I have 2 environments, Windows and Unix and I have a C++ executable program and a Java program that I just recompile for each environment.

  • When I compile my tester.exe program in Unix and run it using methods from my library (.so) it works fine.
  • When I compile my Java program in Unix and load my library (.so) with Java's loadLibrary, it works fine.
  • When I compile my tester.exe program in Windows and run it using methods from my library (.dll) it works fine. Just like the unix version.

  • When I compile my Java program in Windows and load my library (.dll) with Java's loadLibrary it fails. It says Attempt to access invalid address.

I cannot figure out why it will not work with the Java loadLibrary when running in Windows, but it works everywhere else using the same code. If I delay load a dependent DLL that my library uses, then my library loads in Java but is not functional. I know there is specific code that causes the issue with Java loading my library, but I can't figure out why my C++ exe has no problem with the same methods and libraries.


My dll has 1 exposed method which calls 4 methods from some existing libraries. If I comment those 4 methods out, then my dll loads in Java fine. I know it's something to do with these methods from a library my dll links to. Is there something different with how Java sees the dependent libraries? I've tried loading the dependent libraries first, but one of the dll files I load causes a recursion error and the stack overflows.

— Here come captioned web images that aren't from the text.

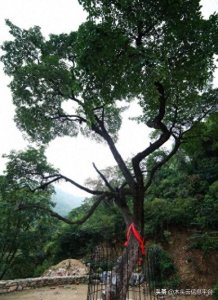 ​世界上最后一颗活株降龙木，中国独有！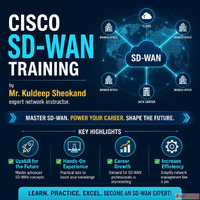 Cisco SDWAN Training and Certification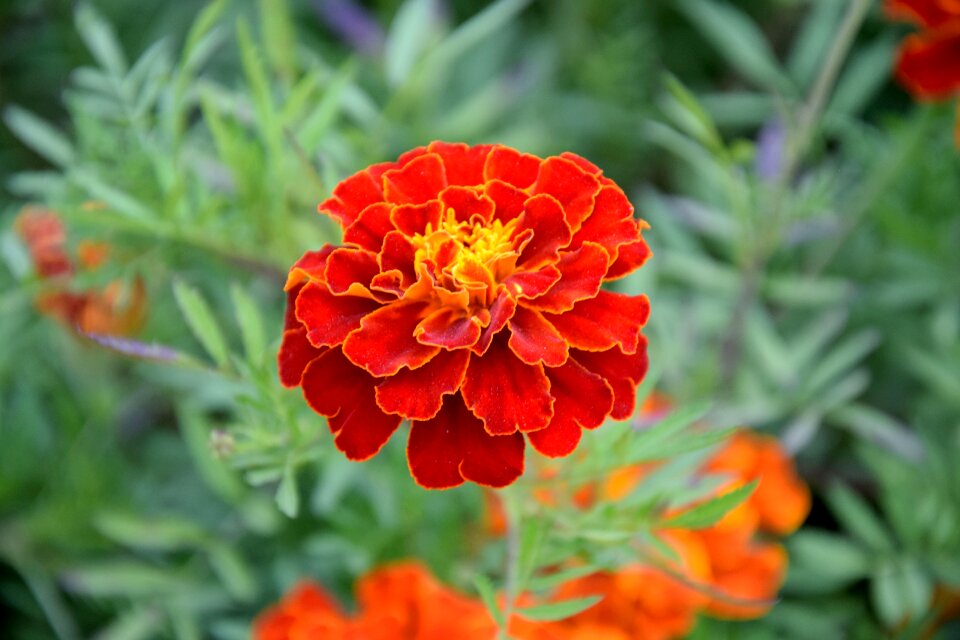 Plant garden nature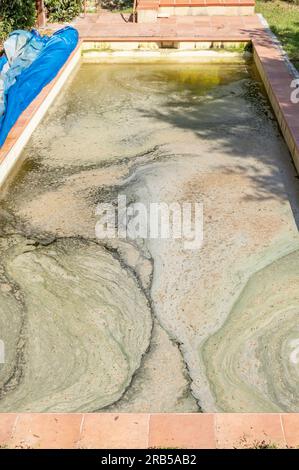 A swimming pool has cloudy white water due to a shock of chlorine, to fight dirt and algae Stock Photo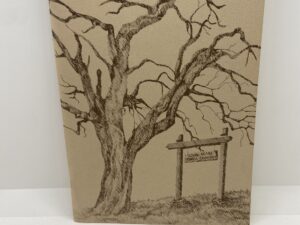 Historic Cosumnes and the Slough House Pioneer Cemetery (1978) by Norma Baldwin Ricketts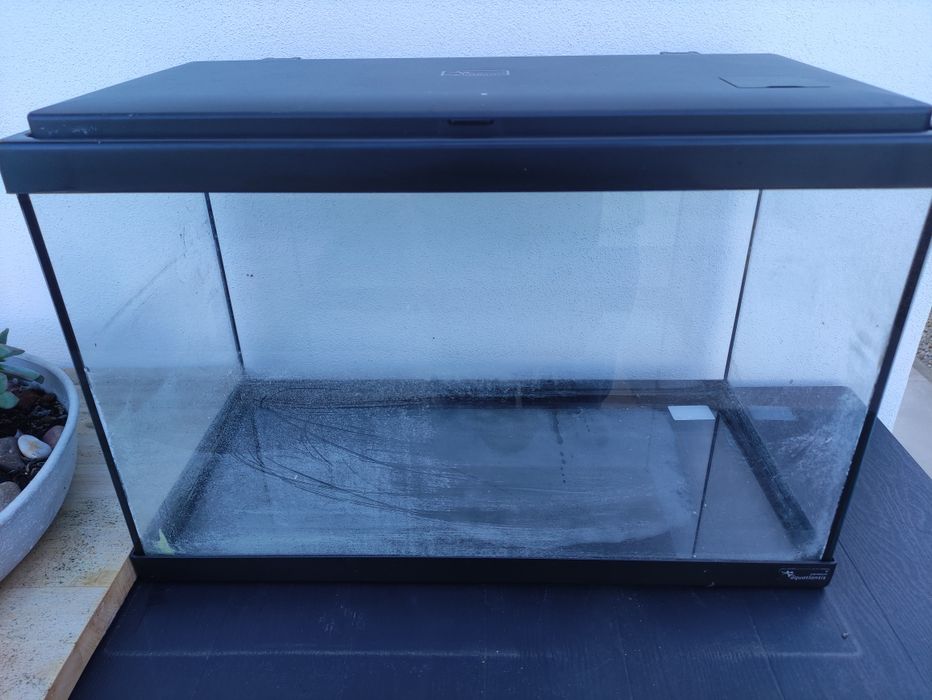 Aquário para peixes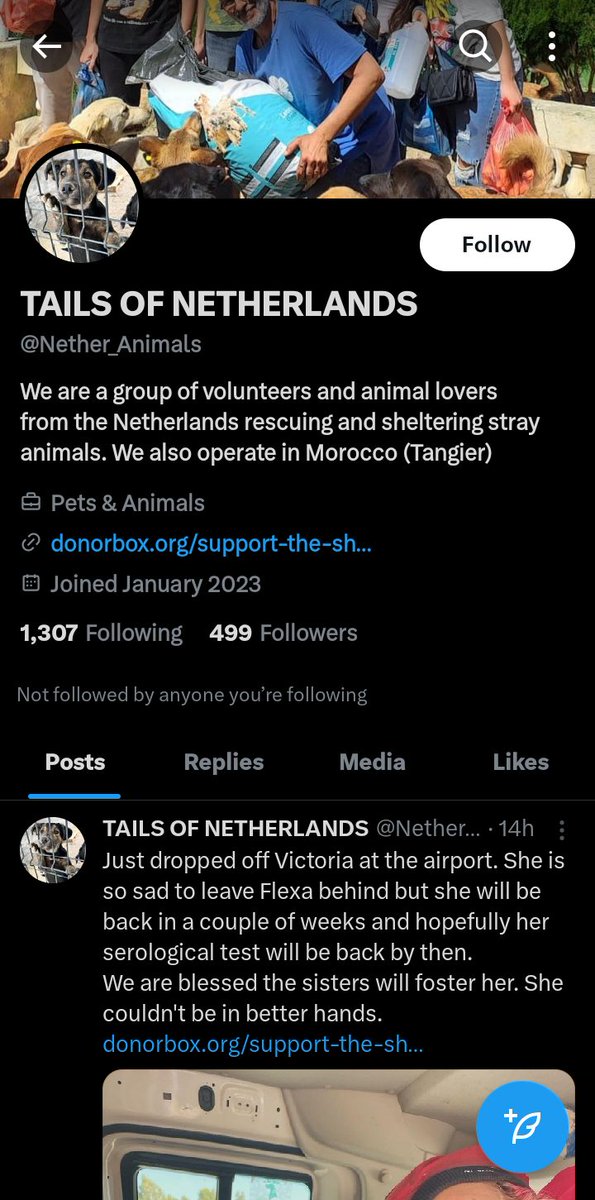 Just come across this across this account @Nether_Animals. Far be it from me to suggest it is a scam, but if it is a genuine rescue, why would you limit who can reply??🤔🤔🤔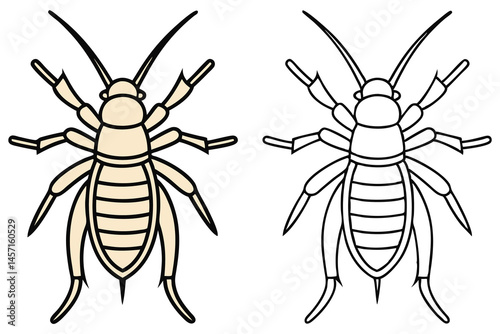 Two simple cartoon aphids show different color styles with transparent backgrounds are presented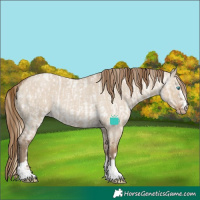 Horse Color:Smoky Creme Roan Dun  and Gray Smoky Creme Roan Dun 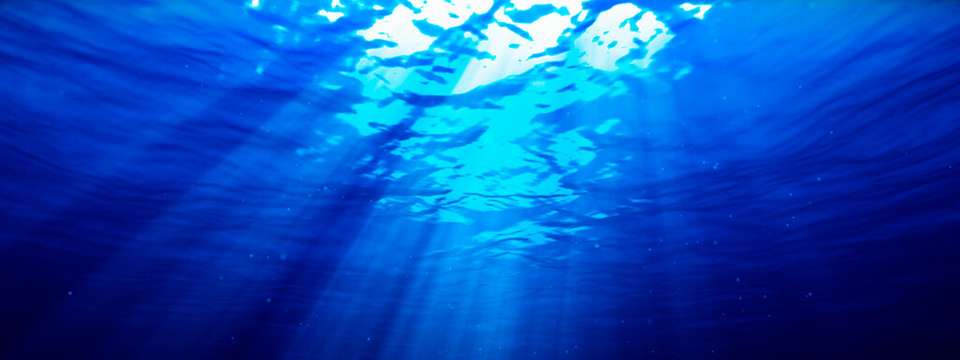 Im Kohlendioxid-Speicherungsgesetz, das Anfang August 2025 vom Kabinett beschlossen wurde, ist auch die besondere Schonung von Meeresschutzgebieten geregelt.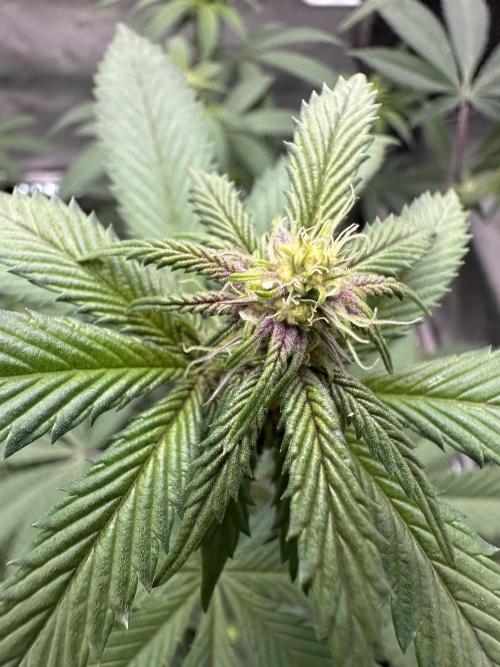 Exotic Sol. Week 3 - Purpled out 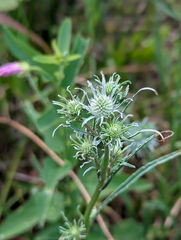 Eryngium aquaticum, photograph (c) Tom Field, some rights reserved (CC BY)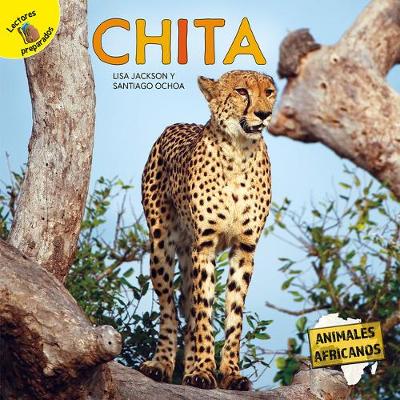 Book cover for Chita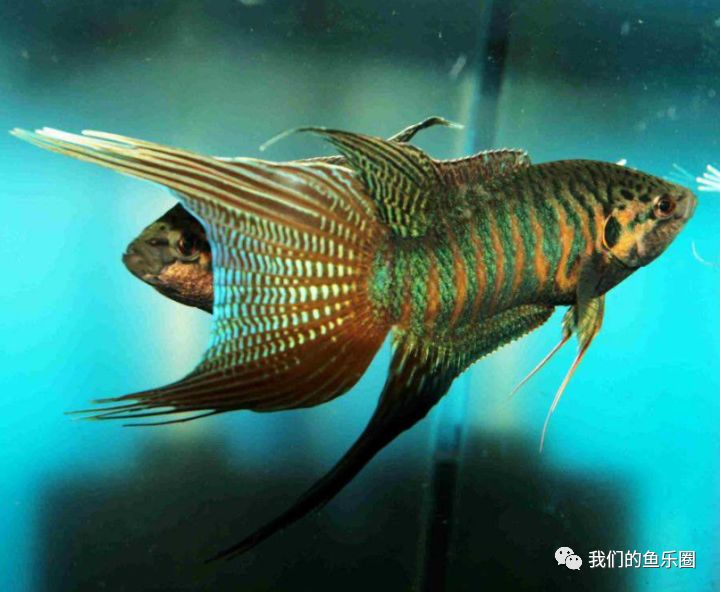 迷你鹦鹉与观赏鱼_迷你鹦鹉鱼繁殖_迷你鹦鹉鱼几个月成年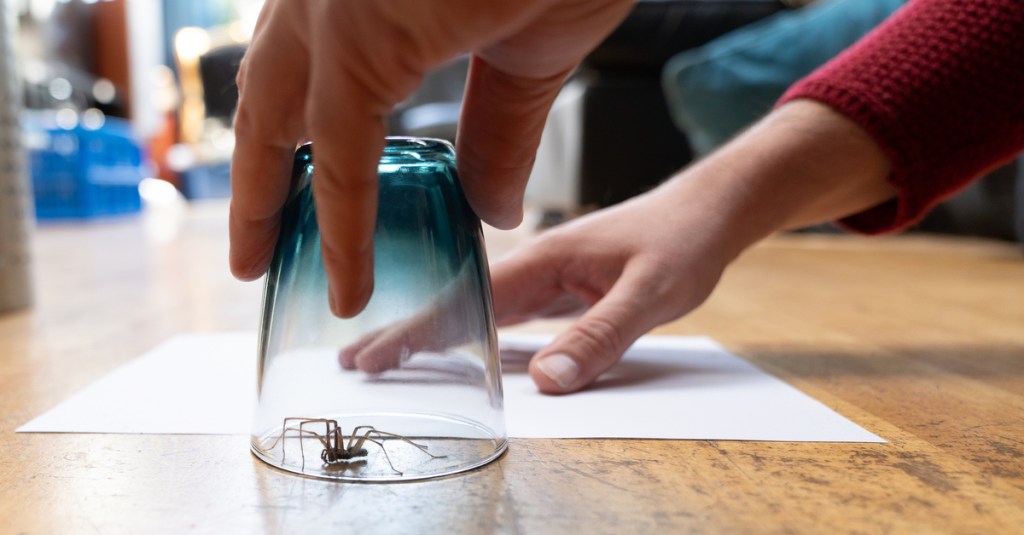 Spinne wird mit einem Glas eingefangen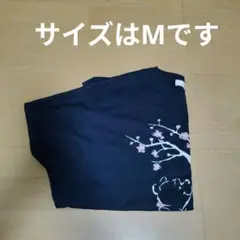 半そでビッグサイズティシャツ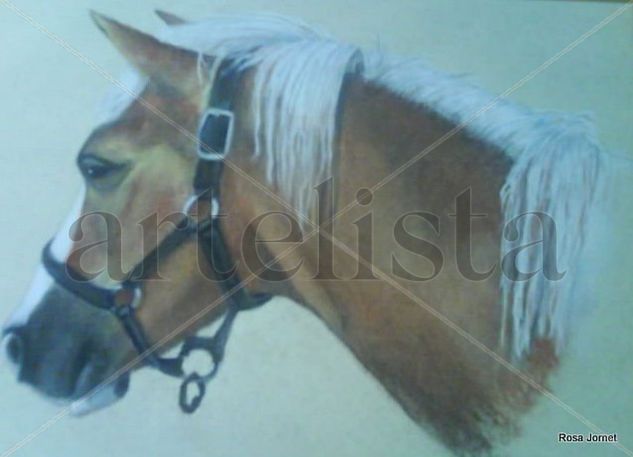 Cabeza de caballo Pastel Papel Animales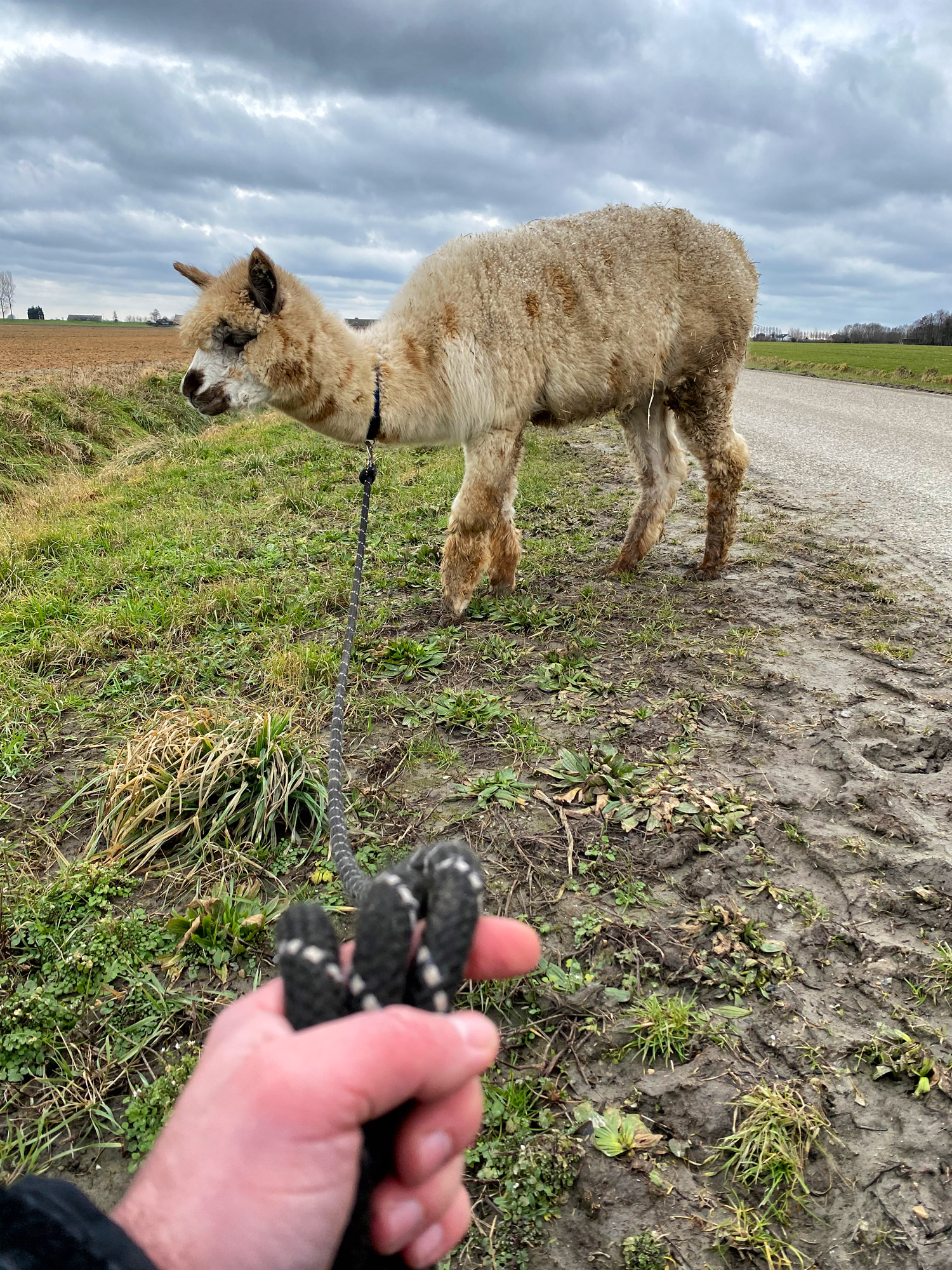 Wandelen met Alpaca's in Zaamslag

Anyone know a way around a DLL that causes a stack overflow from a recursion error? I need the methods in it, but I cannot load it with java loadLibrary.


Here is more detail about the files involved and the actual error message. I added a DllMain to my inital dll file just to see what loads and when. If I compile that same program (my_plain_dll_to_call_JNI_DLL) as an exe file, everything works fine. If I compile it and load it from my java program this happens.

  • myJavaProgram, simply calls System.loadLibrary() to load a basic .dll file that calls a method in my other dll that contains JNI code.
  • my_plain_dll_to_call_JNI_DLL is a dll I created by linking it to my dll library file just to test the dependency. It just calls a method from the other dll which is calling the native code I need.
  • my_JNI_DLL.ll is a dll file linked with existing C++ programming libraries that I need to access from JNI. It contains direct calls to methods in existing source code libraries.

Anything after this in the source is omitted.